EPSRC Centre for Doctoral Training in Partial Differential Equations: Analysis and Applications

The Centre

The CDT offered a 4-year DPhil programme with the central aim of producing highly trained, outstanding mathematicians with deep expertise and interdisciplinary skills in the analysis and applications of Partial Differential Equations (PDEs) and related areas of core mathematics and its interfaces.

The first year consisted of a foundation module, core courses and two 10-week mini-projects in different areas of research with the purpose of both developing knowledge and helping to decide on a suitable research topic. There are also Topical courses and a regular seminar series to advise of the latest advances in related research.

The final cohort for the CDT began their studies in October 2018 and the CDT is no longer open to new applicants.

The OxPDE Research Group still warmly welcomes applications from prospective D. Phil. Students. 


Partial Differential Equations

PDEs are at the heart of many scientific advances. The behaviour of every material object in nature (time-scales ranging from picoseconds to millennia, and length-scales from sub-atomic to astronomical), can be modelled by PDEs, or equations with similar features. Many subjects revolve entirely around their underlying PDEs, including:

• Fluid dynamics: the Euler equations & the Navier-Stokes equations;
• Electrodynamics, optics and electric circuits: Maxwell’s equations;
• Non-equilibrium statistical mechanics: the Boltzmann equation;
• Quantum mechanics: the Schrödinger equation;
• Cosmology: Einstein's equations of general relativity.

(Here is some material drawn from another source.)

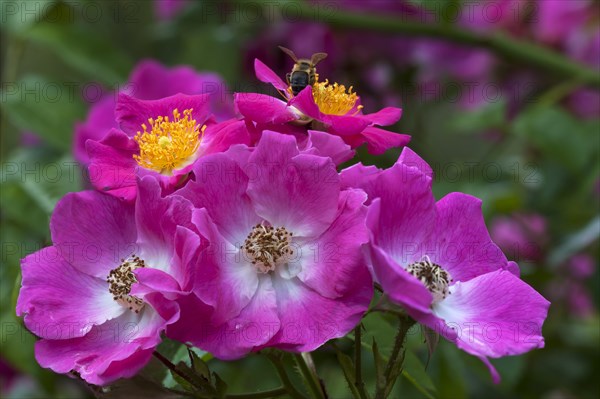 Pink flowers of the climbing rose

The role of PDEs within mathematics (especially nonlinear analysis, geometry, topology, stochastic analysis, numerical analysis & applied mathematics) and in other sciences (physics, chemistry, life sciences, climate modelling/prediction, materials science, engineering & finance) is thus fundamental. It is also increasingly significant as the demands of applications grows, leading to important new developments in the analysis of PDEs.